» INSTRUCTIONS FOR THE TASK: Exactly and only the lines below from the one containing "观点 | 三大策略，构建你的数字资产量化投资组合" down to the one containing "TOR C-90(E) Lifan виброплита 1018811" are wanted, both included; please exclude every picture.

» RAW DATA:
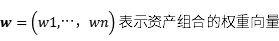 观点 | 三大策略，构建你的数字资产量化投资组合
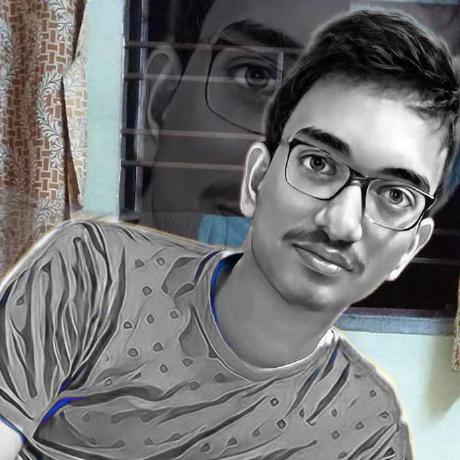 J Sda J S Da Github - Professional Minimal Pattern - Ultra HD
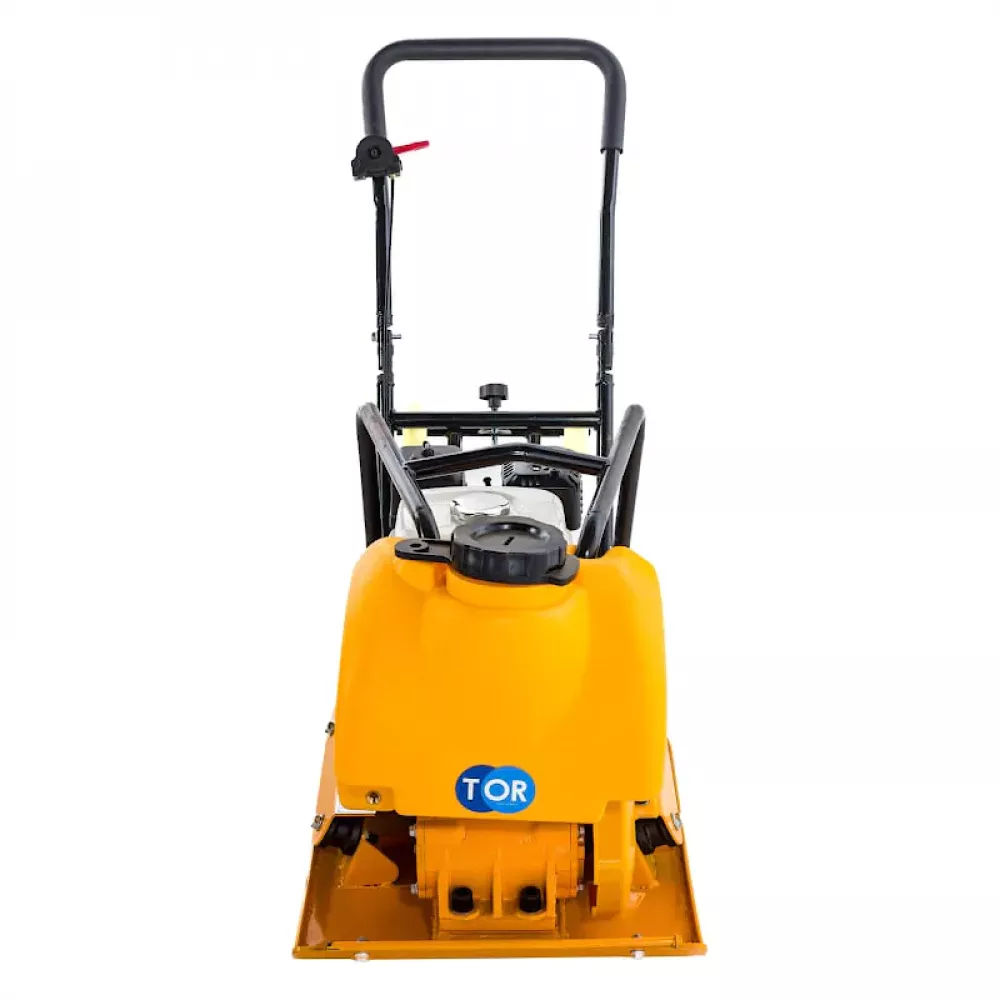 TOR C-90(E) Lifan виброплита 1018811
---
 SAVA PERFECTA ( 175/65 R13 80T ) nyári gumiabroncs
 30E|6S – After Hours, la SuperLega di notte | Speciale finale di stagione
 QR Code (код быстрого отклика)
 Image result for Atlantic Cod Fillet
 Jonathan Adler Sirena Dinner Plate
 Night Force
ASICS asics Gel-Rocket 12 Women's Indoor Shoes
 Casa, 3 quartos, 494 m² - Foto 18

» REPLY TO THE EXERCISE:
 观点 | 三大策略，构建你的数字资产量化投资组合
 J Sda J S Da Github - Professional Minimal Pattern - Ultra HD
 TOR C-90(E) Lifan виброплита 1018811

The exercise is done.